Sunday 22 June 2008

midsummer madness

It certainly feels like midsummer here, not because of the weather which is very windy but because of the state of growth. Everything is at least waist height, or so it seems. However, some of the plants that I’d given up on have obviously benefited from the recent rain and are, particularly the tomatoes, looking to have a new lease of life after a parched start. In some other beds seeds are germinating that I sowed months ago and that I had given up on. In my shed the cucurbits seem to have all worked this year after a disaster last year and this will be my first job when I come here again, to get them out and into the ground.

It is odd knowing that some of the produce I’ve sown and nurtured will be someone else’s banquet but so long as it doesn’t go to waste this is not a bad thing. I have decided to move my shed to my new garden in Cornwall and to hand over the allotment at the end of September. I am beginning to detach from it already as I’ve had a report to write but now I’m back it has hooked me in again and I have to say I am calmer than I’ve been for some time.

2 comments:

Anonymous said...

How are the potatoes?

Have you read about problems with aminopyralids getting into manure? Its really scary stuff.
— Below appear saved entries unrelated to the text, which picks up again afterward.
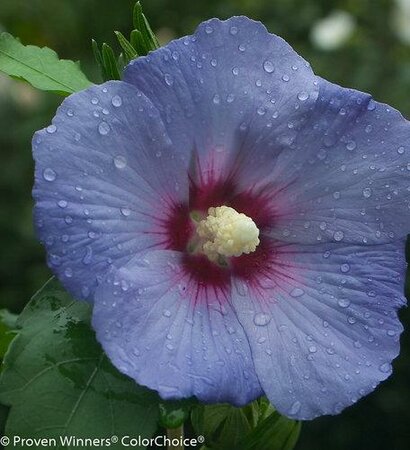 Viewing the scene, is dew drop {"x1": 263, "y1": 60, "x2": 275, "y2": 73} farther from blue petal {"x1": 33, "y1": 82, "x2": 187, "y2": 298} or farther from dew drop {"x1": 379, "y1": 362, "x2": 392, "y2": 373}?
dew drop {"x1": 379, "y1": 362, "x2": 392, "y2": 373}

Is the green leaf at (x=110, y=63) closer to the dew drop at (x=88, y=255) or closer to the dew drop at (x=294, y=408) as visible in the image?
the dew drop at (x=88, y=255)

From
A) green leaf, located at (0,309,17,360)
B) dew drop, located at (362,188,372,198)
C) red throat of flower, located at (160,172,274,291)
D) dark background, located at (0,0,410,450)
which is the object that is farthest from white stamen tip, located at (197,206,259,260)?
dark background, located at (0,0,410,450)

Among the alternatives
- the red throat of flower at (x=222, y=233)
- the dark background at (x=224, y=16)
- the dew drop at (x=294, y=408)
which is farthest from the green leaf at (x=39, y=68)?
the dark background at (x=224, y=16)

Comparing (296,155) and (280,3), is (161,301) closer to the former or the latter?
(296,155)

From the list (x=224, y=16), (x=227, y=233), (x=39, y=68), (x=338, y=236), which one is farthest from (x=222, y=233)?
(x=224, y=16)

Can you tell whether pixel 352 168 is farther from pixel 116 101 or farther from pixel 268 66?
pixel 116 101

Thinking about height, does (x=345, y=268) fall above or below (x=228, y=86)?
below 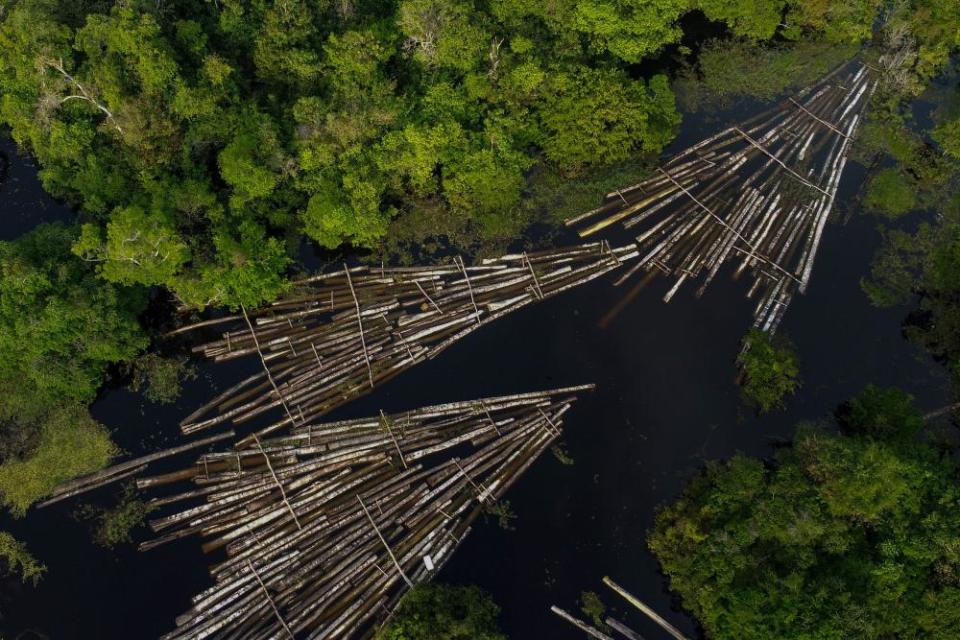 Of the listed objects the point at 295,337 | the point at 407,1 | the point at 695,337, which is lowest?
the point at 695,337

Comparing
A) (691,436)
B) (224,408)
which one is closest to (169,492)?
(224,408)

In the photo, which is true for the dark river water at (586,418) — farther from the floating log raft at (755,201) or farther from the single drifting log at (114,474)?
the floating log raft at (755,201)

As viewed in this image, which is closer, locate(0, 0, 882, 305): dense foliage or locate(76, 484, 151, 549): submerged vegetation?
locate(76, 484, 151, 549): submerged vegetation

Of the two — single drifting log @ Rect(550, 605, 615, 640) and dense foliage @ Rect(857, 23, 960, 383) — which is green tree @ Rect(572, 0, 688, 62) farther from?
single drifting log @ Rect(550, 605, 615, 640)

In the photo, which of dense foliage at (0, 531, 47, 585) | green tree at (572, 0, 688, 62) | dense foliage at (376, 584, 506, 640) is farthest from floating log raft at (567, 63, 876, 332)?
dense foliage at (0, 531, 47, 585)

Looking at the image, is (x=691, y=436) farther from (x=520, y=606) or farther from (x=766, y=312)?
(x=520, y=606)

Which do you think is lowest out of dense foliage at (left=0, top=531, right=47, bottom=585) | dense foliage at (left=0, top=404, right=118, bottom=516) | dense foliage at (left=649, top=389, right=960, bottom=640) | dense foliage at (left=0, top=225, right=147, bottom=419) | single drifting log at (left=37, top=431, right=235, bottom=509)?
dense foliage at (left=649, top=389, right=960, bottom=640)

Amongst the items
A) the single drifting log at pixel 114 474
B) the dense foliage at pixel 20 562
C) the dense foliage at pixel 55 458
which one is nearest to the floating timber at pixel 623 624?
the single drifting log at pixel 114 474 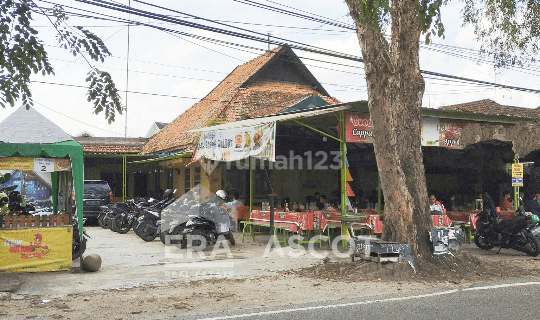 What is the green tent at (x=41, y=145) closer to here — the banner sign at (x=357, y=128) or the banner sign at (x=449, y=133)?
the banner sign at (x=357, y=128)

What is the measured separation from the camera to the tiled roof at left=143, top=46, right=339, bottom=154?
22039mm

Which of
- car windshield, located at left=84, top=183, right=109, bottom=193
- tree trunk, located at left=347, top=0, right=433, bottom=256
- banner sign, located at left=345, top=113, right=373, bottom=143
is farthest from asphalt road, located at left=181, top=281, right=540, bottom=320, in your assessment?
car windshield, located at left=84, top=183, right=109, bottom=193

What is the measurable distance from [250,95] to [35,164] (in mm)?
15257

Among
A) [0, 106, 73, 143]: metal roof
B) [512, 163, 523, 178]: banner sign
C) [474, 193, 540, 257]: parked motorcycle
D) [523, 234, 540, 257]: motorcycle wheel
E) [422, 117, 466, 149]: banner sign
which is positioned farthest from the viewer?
[512, 163, 523, 178]: banner sign

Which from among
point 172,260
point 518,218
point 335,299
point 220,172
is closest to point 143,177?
point 220,172

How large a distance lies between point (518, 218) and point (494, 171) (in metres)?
7.14

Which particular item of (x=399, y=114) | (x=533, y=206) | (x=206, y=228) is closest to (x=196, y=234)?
(x=206, y=228)

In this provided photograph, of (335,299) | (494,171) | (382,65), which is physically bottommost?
(335,299)

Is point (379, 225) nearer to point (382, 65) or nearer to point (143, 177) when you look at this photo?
point (382, 65)

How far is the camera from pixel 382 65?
32.4 feet

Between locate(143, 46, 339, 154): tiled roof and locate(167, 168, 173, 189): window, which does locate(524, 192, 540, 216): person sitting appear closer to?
locate(143, 46, 339, 154): tiled roof

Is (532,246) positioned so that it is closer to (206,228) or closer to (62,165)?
(206,228)

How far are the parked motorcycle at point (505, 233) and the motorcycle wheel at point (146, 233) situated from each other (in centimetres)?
832

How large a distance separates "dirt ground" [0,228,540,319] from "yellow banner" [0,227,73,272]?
1.50 ft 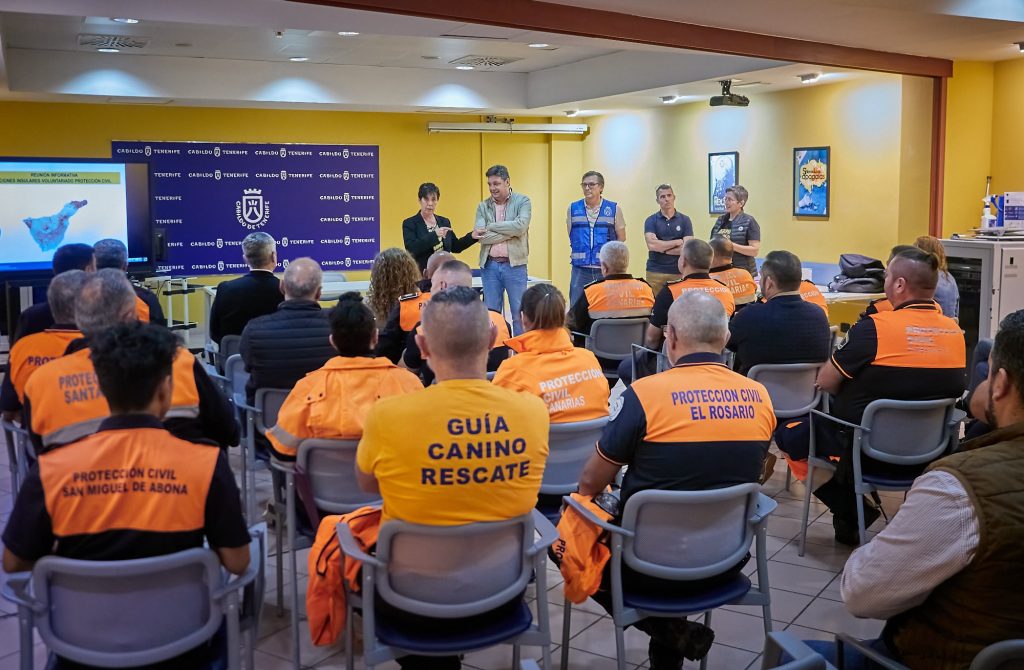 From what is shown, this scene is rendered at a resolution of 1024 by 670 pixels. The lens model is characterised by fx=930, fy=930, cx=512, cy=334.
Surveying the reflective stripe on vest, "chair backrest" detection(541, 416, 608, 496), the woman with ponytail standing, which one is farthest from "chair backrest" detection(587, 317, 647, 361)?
the reflective stripe on vest

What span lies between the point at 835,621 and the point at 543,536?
162 cm

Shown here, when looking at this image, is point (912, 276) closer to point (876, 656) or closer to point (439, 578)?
Answer: point (876, 656)

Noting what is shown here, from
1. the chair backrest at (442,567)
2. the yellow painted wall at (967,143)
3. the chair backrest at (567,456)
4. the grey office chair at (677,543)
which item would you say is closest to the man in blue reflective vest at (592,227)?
the yellow painted wall at (967,143)

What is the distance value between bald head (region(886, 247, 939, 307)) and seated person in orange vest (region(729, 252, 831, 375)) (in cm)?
53

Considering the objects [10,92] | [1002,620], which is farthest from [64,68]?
[1002,620]

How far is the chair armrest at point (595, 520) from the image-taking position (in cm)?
258

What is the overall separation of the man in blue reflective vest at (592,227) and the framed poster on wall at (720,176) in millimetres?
2175

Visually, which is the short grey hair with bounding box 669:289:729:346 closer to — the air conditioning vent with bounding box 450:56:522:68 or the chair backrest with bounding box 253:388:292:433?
the chair backrest with bounding box 253:388:292:433

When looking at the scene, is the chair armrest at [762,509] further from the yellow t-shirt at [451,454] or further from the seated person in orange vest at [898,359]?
the seated person in orange vest at [898,359]

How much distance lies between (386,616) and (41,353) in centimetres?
219

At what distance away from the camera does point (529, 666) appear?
2.44m

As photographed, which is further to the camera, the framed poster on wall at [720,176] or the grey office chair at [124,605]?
the framed poster on wall at [720,176]

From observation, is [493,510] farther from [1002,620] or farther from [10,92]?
[10,92]

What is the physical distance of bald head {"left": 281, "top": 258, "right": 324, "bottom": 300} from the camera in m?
4.27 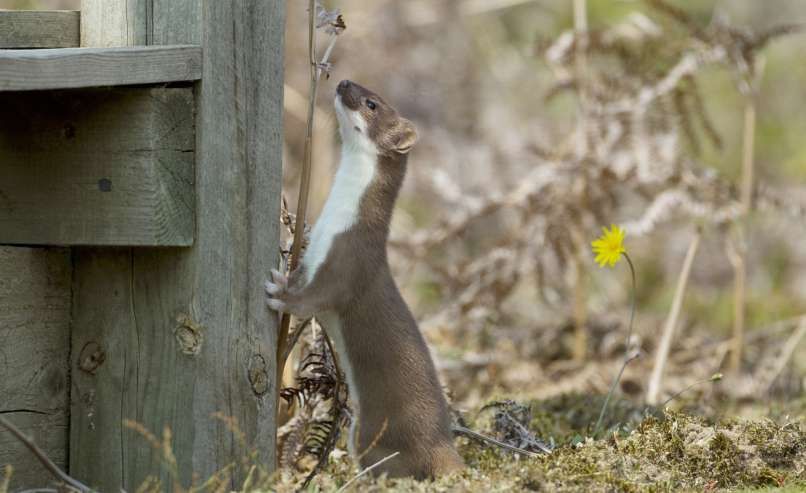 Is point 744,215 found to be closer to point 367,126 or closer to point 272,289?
point 367,126

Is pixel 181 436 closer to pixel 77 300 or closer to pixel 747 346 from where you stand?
pixel 77 300

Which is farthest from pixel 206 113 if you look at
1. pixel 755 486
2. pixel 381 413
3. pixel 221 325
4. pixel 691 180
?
pixel 691 180

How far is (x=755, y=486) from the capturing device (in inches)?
151

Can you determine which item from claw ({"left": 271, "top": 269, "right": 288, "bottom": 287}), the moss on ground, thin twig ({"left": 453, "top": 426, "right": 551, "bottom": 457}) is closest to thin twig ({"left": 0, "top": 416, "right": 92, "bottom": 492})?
the moss on ground

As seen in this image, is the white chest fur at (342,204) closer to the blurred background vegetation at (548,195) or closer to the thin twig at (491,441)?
the blurred background vegetation at (548,195)

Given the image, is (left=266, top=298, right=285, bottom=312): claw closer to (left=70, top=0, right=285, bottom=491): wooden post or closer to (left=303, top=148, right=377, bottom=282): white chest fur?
(left=70, top=0, right=285, bottom=491): wooden post

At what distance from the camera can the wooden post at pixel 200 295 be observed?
11.5 feet

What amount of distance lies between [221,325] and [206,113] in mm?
725

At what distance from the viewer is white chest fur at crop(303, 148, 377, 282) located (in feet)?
13.3

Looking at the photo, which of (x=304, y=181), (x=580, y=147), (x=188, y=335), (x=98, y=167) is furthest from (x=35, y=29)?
(x=580, y=147)

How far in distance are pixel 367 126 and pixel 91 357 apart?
5.15ft

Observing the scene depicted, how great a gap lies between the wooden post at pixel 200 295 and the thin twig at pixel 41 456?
0.25 metres

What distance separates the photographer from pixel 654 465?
381cm

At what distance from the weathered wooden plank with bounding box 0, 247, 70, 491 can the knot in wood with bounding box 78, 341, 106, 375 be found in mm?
66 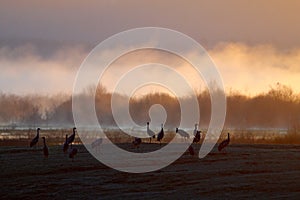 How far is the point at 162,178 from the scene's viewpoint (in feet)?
103

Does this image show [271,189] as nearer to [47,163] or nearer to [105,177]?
[105,177]

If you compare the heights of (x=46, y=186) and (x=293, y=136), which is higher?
(x=293, y=136)

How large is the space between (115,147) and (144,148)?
286 cm

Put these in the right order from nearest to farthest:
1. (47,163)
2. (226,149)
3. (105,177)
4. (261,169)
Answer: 1. (105,177)
2. (261,169)
3. (47,163)
4. (226,149)

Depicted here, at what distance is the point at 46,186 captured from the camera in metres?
30.0

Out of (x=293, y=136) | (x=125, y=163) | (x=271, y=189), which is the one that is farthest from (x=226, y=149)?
(x=293, y=136)

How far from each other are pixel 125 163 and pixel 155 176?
5.55 metres

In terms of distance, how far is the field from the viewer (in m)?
27.7

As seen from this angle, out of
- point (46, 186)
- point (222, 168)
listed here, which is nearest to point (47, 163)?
point (46, 186)

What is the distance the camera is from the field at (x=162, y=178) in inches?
1089

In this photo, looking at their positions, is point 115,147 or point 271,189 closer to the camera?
point 271,189

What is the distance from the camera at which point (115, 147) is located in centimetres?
4822

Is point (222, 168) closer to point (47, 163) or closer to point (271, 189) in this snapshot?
point (271, 189)

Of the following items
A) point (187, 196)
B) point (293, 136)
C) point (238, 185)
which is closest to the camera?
point (187, 196) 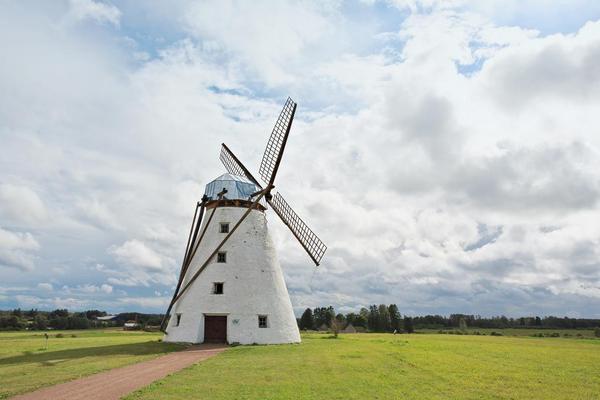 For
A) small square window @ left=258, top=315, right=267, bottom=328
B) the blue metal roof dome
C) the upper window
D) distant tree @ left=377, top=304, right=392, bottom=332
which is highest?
the blue metal roof dome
I think it will make me very careful about where we get it from but its really hard to be sure. My hope is that our small local farmer would not bother with spraying but you never know.

laura wild said...

We ate our first early potatoes the other day (Orla) within an hour of digging them and picking the mint that they were cooked with. They were amazing!

I went to a meeting about an art event on Meersbrook Allotments in Sheffield on Sunday - there are 409 plots!

Try googling 'grow sheffield' and you'll find a great website with all kinds of interesting events and news like 'guerilla gardening' for example.